For most people, the post-work income we receive comes from three main sources:
- Investments (including superannuation funds).
- Drawdowns from the capital we have saved.
- Government and/or employment pensions.
The portion of retirement income we fund ourselves comes from investments. The lump sum required for an investment income depends on the return of the investment. If we take the simple example of a 5% return and an income requirement of $40,000, then the capital sum required is $800,000.
Many people go to a financial planner without being clear on how much income they will need in retirement. It’s difficult for an adviser to provide advice when they do not know this figure.
The amount of capital you will need in retirement depends on:
- The amount of money you will spend each year (including rent, if applicable).
- Once-off expenditures – such as a car, home renovations, a big holiday, elective surgery if you don’t have private health insurance, etc.
- Life expectancy – how many years will you need to fund?
- Bequests – do you wish to leave any money to your children or family?
- Whether you will be a candidate for aged-care accommodation.
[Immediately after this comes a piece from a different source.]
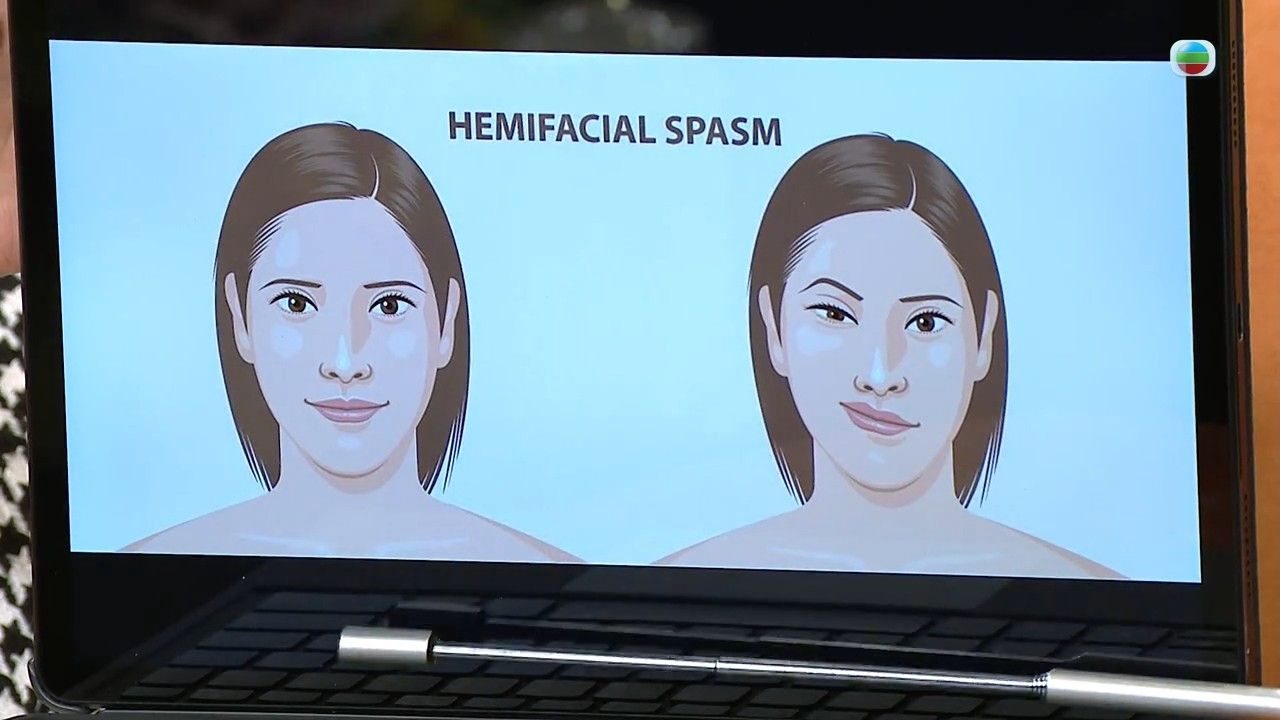 眼眉跳小心是眼臉痙攣/半面痙攣！拆解眼眉跳6大成因 醫生教4方法改善眼皮狂跳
If you don’t know where to start, sometimes the best thing to do is look at your current situation and adjust it to the changed environment of retirement. You can do this by recording in detail what you spend on essential and non-essential items for a period of time (e.g. three months, six months or 12 months).
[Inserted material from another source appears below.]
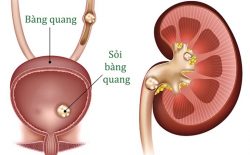 Hình ảnh mô phỏng sỏi bàng quang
Alternatively, you could look at what your net income after tax is every payday, and verify that you can live on this (in other words, you’re not living on credit card debt). Remember to factor in whether your mortgage will be cleared before retirement. If it is, you will have more disposable income. Also consider any perks you currently receive from your employment, such as a vehicle, mobile phone or subsidised travel, and what you will need to fund these (if they are still required) in retirement. Conversely, you may be paying for certain employment expenses now that you will not need to pay for in retirement.
Often, people have expenses in retirement that they did not have when they were working. For example, if you buy a caravan, your petrol bill will be a lot higher. When I was a financial planner, I had a client who had not factored in the additional fuel costs it would take to tow his caravan, so his living expenses were $5,000 higher than what he had budgeted for. That meant he had to drawdown extra money from his pension account.
No matter what stage of wealth accumulation you are at in your working life, I recommend you work out what you will need in retirement, so you know what to aim for. Getting advice from a money coach or financial planner will make the process so much easier.